Required action: Give back exactly the first lines of the entries below, through the line with "freebird wonder Brown".

[Data entries]
=== Begin Enclosure ===

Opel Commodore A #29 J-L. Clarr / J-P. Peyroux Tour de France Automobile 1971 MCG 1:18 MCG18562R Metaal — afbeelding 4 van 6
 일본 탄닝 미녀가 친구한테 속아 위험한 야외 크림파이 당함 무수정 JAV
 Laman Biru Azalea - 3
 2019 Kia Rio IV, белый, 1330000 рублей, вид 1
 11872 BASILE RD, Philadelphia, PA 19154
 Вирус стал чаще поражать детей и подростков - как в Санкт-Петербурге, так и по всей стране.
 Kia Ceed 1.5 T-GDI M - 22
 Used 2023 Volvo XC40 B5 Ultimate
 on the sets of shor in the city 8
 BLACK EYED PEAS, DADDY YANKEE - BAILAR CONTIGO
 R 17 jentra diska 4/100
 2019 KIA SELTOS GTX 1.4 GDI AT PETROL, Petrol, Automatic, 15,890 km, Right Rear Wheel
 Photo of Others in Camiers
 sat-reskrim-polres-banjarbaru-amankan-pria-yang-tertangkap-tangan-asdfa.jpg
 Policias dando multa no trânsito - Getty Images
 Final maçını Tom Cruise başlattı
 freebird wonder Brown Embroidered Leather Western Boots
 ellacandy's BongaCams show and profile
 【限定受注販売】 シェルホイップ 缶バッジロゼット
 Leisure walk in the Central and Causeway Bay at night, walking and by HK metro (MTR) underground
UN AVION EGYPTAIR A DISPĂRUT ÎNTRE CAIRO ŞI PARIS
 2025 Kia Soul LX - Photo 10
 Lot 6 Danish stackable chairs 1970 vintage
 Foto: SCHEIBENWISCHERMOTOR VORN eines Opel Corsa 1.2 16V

=== End Enclosure ===

Output of the task:
Opel Commodore A #29 J-L. Clarr / J-P. Peyroux Tour de France Automobile 1971 MCG 1:18 MCG18562R Metaal — afbeelding 4 van 6
 일본 탄닝 미녀가 친구한테 속아 위험한 야외 크림파이 당함 무수정 JAV
 Laman Biru Azalea - 3
 2019 Kia Rio IV, белый, 1330000 рублей, вид 1
 11872 BASILE RD, Philadelphia, PA 19154
 Вирус стал чаще поражать детей и подростков - как в Санкт-Петербурге, так и по всей стране.
 Kia Ceed 1.5 T-GDI M - 22
 Used 2023 Volvo XC40 B5 Ultimate
 on the sets of shor in the city 8
 BLACK EYED PEAS, DADDY YANKEE - BAILAR CONTIGO
 R 17 jentra diska 4/100
 2019 KIA SELTOS GTX 1.4 GDI AT PETROL, Petrol, Automatic, 15,890 km, Right Rear Wheel
 Photo of Others in Camiers
 sat-reskrim-polres-banjarbaru-amankan-pria-yang-tertangkap-tangan-asdfa.jpg
 Policias dando multa no trânsito - Getty Images
 Final maçını Tom Cruise başlattı
 freebird wonder Brown Embroidered Leather Western Boots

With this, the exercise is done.